▶ YOUR OBJECTIVE: Give the listing again, word for word, and let no picture into it.

▶ AVAILABLE DATA:
───

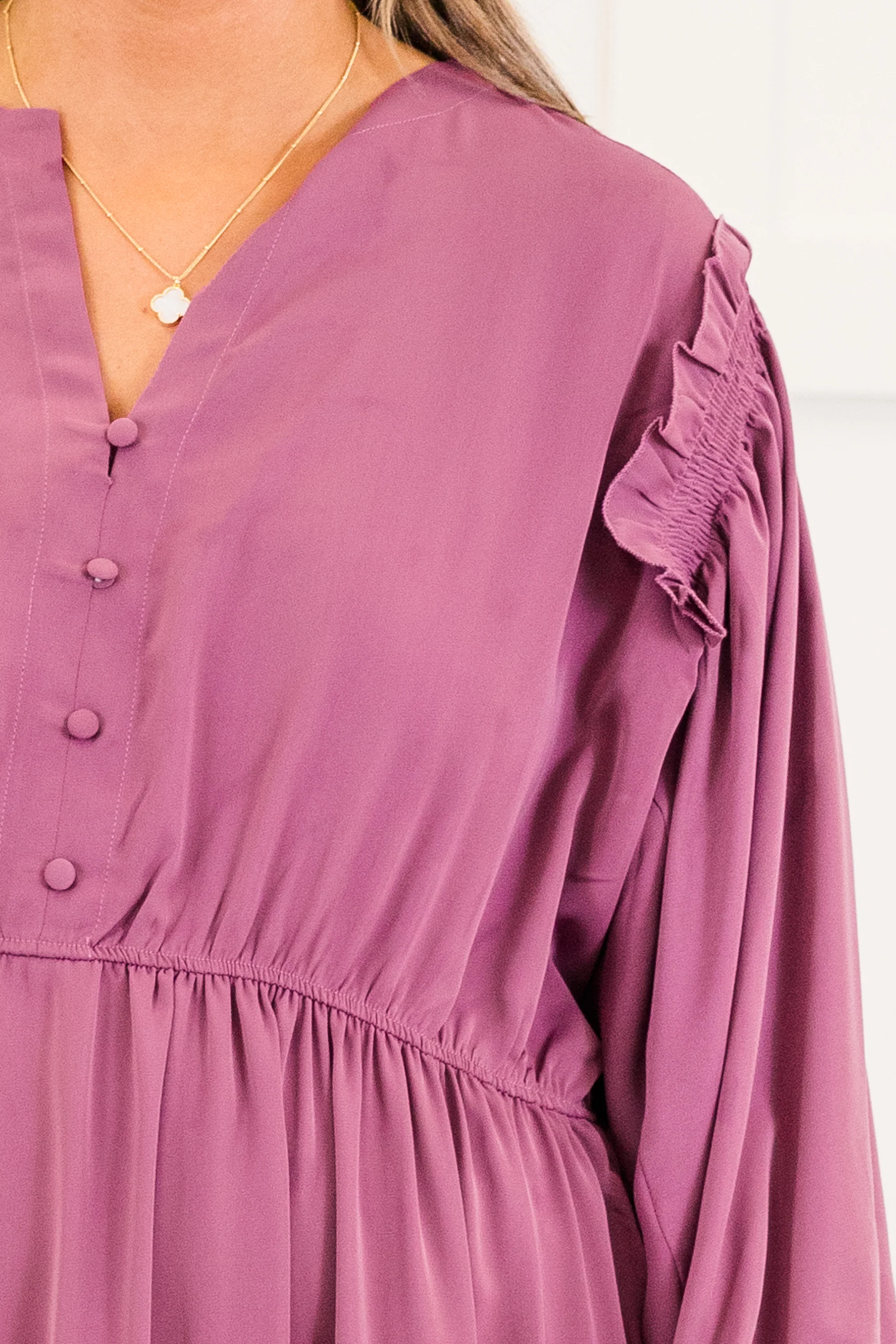 Memorize Today Dress, Eggplant - Giverhouse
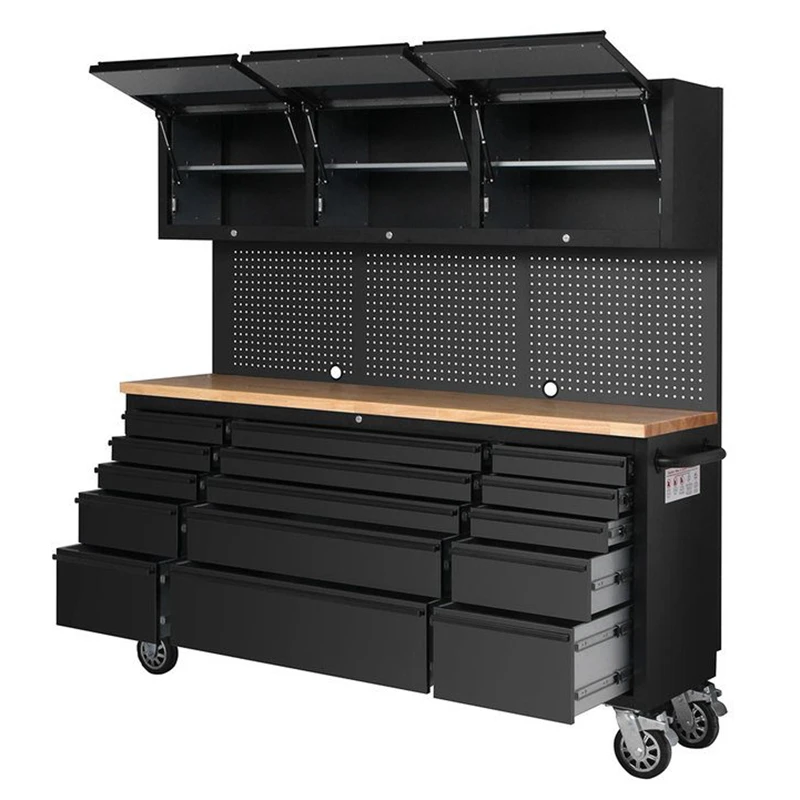 Work Station 15 Drawers  Metal Tool Roller Cart Workshop Storage Tool Cabinet with Handle and Wheels factory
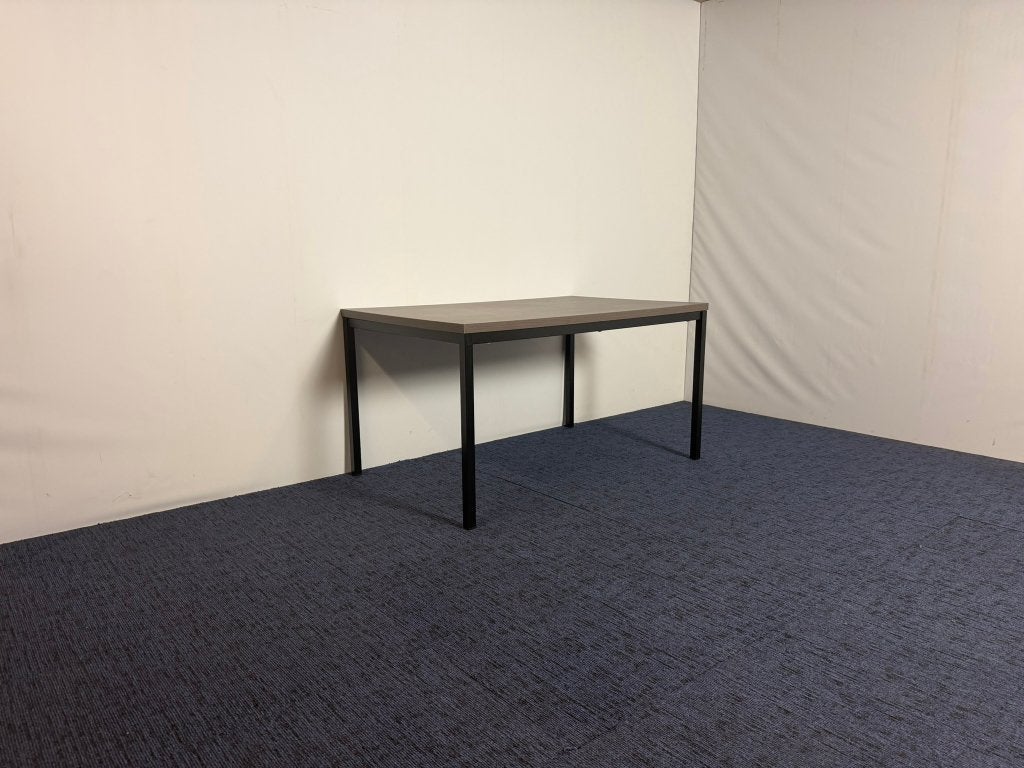 45 x Kantinetafel Vepa, antraciet eiken blad, 140 x 90 cm., Ophalen, Gebruikt, 100 tot 150 cm, 50 tot 100 cm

───

▶ ANSWER SECTION:
 Memorize Today Dress, Eggplant - Giverhouse
 Work Station 15 Drawers  Metal Tool Roller Cart Workshop Storage Tool Cabinet with Handle and Wheels factory
 45 x Kantinetafel Vepa, antraciet eiken blad, 140 x 90 cm., Ophalen, Gebruikt, 100 tot 150 cm, 50 tot 100 cm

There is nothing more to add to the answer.